The procoagulant activity of tumour cells or their products and the administration of chemotherapeutic drugs36--40 account for the associated increased risk of thrombosis in cancer patients. VTE is more common with certain types of cancer, such as, pancreatic, gastrointestinal, ovarian, prostatic, or pulmonary neoplasms.38,39 VTE usually complicates advanced malignant disease.
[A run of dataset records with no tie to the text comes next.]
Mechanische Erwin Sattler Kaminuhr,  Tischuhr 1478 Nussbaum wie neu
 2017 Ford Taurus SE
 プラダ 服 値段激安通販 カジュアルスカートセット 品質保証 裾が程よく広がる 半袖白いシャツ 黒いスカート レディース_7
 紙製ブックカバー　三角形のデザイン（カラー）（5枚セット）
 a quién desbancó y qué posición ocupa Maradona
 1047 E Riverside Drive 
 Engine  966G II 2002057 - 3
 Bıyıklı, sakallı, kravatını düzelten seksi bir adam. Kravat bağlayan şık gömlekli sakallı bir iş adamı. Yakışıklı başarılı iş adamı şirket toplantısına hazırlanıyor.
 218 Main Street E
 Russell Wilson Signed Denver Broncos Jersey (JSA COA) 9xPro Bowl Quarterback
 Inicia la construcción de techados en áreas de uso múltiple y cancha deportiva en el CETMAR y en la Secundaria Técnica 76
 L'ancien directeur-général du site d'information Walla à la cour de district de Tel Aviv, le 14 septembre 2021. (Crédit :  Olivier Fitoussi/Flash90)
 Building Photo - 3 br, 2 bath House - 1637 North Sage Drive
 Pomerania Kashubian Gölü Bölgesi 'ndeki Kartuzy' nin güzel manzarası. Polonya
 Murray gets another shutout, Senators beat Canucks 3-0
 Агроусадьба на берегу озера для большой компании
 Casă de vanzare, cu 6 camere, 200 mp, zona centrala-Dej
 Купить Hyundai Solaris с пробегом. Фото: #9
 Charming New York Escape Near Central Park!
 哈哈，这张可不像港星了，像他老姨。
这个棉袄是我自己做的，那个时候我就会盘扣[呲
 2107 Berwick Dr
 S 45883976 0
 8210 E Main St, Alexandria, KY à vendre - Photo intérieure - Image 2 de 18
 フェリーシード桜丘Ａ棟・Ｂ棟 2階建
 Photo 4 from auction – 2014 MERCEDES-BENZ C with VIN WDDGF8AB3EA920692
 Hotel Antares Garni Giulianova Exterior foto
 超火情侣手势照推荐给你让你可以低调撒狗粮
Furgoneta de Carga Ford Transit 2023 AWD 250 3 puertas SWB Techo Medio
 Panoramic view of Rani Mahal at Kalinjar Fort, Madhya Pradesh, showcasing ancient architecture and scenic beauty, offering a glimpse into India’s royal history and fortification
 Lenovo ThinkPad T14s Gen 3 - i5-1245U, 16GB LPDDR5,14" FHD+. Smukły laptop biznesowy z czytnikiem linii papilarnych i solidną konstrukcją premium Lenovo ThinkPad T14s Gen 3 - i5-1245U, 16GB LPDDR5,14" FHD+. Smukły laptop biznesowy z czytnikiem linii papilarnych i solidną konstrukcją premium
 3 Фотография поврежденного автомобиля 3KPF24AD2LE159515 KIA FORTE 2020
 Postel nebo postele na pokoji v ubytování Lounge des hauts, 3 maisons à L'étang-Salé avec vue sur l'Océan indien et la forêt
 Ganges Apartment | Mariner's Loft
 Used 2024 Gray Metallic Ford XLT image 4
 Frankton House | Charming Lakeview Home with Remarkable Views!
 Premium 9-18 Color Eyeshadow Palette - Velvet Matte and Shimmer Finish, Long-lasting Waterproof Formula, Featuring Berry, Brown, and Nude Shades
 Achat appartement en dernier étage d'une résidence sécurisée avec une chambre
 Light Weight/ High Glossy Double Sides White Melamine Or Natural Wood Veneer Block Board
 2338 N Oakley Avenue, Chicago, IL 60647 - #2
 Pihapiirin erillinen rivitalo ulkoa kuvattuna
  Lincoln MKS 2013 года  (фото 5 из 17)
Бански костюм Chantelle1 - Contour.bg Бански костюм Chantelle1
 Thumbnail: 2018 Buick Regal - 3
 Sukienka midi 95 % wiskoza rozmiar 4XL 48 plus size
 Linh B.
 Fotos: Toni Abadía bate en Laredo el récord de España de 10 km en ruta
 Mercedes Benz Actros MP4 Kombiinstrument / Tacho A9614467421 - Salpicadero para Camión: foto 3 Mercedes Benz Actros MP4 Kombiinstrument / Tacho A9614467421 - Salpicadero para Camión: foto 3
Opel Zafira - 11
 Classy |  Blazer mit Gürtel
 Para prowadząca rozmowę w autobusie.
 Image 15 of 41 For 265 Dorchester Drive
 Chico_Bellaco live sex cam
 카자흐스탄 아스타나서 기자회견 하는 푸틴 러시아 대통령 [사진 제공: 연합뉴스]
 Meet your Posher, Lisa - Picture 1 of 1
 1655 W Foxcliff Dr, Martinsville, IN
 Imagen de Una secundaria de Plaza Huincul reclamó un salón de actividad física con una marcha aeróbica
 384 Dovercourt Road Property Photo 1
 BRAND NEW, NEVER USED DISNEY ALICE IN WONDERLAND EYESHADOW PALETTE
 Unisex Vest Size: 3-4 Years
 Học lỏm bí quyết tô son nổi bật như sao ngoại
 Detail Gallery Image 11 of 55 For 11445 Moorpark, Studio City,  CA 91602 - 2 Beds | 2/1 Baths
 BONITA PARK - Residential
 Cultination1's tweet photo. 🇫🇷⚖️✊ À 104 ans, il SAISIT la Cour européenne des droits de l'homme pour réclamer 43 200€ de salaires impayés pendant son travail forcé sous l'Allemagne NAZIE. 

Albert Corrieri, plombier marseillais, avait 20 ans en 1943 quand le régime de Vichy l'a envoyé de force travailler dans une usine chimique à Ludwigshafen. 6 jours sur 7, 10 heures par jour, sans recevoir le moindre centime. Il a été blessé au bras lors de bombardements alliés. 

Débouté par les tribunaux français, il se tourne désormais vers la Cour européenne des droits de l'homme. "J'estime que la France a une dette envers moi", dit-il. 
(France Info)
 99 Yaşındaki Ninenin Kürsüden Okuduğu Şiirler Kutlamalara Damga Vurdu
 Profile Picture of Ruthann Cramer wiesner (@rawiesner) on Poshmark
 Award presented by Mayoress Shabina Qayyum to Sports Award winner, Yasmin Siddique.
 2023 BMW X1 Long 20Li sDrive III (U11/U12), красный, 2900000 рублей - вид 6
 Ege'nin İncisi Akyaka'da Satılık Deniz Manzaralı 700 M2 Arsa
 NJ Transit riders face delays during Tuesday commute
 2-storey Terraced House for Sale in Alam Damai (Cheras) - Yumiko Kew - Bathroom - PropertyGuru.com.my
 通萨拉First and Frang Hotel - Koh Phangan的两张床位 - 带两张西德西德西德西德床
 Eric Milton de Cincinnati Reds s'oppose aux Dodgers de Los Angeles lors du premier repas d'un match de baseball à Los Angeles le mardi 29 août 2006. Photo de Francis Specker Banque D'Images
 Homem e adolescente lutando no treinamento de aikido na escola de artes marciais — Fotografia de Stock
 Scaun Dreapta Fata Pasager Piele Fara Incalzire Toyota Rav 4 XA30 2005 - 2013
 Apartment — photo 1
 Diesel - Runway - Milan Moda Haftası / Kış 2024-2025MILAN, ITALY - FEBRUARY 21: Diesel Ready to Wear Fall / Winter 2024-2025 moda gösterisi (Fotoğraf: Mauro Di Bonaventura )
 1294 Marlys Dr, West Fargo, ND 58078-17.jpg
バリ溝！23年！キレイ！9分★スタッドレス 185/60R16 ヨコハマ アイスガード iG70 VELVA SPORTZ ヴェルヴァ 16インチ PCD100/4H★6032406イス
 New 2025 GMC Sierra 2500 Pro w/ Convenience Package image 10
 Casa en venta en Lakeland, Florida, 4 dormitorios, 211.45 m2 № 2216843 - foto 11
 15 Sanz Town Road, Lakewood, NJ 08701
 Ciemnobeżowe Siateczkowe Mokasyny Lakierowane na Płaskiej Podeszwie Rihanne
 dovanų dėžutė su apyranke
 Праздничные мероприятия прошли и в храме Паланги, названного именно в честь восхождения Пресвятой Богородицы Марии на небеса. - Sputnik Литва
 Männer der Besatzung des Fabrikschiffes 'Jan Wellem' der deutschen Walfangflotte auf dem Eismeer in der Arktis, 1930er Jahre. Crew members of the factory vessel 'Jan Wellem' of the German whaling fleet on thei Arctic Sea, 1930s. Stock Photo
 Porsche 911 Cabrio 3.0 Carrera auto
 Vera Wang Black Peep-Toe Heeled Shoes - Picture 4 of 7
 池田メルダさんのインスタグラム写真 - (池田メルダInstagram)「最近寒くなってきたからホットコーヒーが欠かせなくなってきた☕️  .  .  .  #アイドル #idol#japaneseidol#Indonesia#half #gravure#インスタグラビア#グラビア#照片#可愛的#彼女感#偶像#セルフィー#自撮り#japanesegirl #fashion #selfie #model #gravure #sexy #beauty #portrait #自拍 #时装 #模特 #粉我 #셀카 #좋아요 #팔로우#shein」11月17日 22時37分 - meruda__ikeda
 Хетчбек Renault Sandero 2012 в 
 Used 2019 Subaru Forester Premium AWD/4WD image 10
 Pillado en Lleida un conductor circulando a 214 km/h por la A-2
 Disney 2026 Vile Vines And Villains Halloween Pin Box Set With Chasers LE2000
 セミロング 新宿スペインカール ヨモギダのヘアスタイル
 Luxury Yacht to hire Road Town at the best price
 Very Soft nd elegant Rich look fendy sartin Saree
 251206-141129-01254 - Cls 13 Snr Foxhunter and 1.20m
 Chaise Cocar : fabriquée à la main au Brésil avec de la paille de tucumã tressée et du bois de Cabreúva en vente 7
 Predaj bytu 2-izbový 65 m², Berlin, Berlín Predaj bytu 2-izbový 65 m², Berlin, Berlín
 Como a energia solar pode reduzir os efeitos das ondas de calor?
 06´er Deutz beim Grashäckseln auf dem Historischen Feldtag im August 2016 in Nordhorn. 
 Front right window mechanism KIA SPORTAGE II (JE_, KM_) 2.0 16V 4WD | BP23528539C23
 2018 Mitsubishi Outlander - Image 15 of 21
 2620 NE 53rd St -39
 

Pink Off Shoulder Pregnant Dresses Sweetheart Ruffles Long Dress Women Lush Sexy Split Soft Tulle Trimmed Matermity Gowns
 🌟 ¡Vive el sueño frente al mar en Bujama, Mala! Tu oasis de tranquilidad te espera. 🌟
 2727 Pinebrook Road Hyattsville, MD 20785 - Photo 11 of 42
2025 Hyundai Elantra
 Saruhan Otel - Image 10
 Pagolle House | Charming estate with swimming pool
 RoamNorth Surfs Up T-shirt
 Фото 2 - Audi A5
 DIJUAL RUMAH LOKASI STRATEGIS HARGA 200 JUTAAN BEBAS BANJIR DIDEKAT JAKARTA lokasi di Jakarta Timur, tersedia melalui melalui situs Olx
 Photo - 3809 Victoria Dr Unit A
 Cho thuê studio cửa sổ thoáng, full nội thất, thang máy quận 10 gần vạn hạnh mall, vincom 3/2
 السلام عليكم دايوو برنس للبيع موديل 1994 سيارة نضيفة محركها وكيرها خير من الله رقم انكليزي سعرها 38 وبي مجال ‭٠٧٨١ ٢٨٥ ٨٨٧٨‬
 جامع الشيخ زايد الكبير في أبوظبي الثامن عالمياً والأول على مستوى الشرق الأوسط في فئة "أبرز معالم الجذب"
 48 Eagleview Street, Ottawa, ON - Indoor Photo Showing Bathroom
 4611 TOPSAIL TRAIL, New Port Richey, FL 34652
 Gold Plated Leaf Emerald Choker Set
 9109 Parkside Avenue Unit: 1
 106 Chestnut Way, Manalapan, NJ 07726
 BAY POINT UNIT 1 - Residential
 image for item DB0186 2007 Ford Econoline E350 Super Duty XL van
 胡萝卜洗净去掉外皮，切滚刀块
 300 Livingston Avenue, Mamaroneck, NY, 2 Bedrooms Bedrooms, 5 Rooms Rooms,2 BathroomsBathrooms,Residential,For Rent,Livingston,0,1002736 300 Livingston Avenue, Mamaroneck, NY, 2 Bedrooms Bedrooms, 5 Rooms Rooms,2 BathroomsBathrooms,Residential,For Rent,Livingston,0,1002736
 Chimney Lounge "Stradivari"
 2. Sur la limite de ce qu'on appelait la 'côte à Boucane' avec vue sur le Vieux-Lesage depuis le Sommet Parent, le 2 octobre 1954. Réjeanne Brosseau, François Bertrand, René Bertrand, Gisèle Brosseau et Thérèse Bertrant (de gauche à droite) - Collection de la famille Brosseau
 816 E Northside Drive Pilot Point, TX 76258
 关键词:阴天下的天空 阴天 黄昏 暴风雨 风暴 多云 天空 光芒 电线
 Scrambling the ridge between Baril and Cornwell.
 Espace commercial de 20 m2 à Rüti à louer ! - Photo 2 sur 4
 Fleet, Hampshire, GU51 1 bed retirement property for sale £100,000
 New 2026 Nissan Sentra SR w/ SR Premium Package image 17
It may also, however, be the first sign of an underlying cancer that may herald the diagnosis of cancer by several years.41 In individuals with a first episode of idiopathic VTE, there is a 10 to 20% probability of having cancer at diagnosis or within the following 24 months.38

Therefore, a physical examination together with routine laboratory testing, chest radiograph, and abdominal ultrasonography should be performed in all patients aged over 40 years, presenting with idiopathic VTE. The initiation of more aggressive investigations is controversial, in the absence of any evidence of improved survival or cost effectiveness. Further investigations, such as, CT-scan of the pelvis, abdomen, and chest, however, should be performed routinely in patients aged over 25 years, presenting with idiopathic VTE. These investigations may identify an occult cancer in its early stage in approximately 10% of cases.38,40 In addition, a thorough search for occult cancer should be carried out in patients with recurrent thrombosis involving superficial or deep veins, especially if anti-coagulant therapy has been given.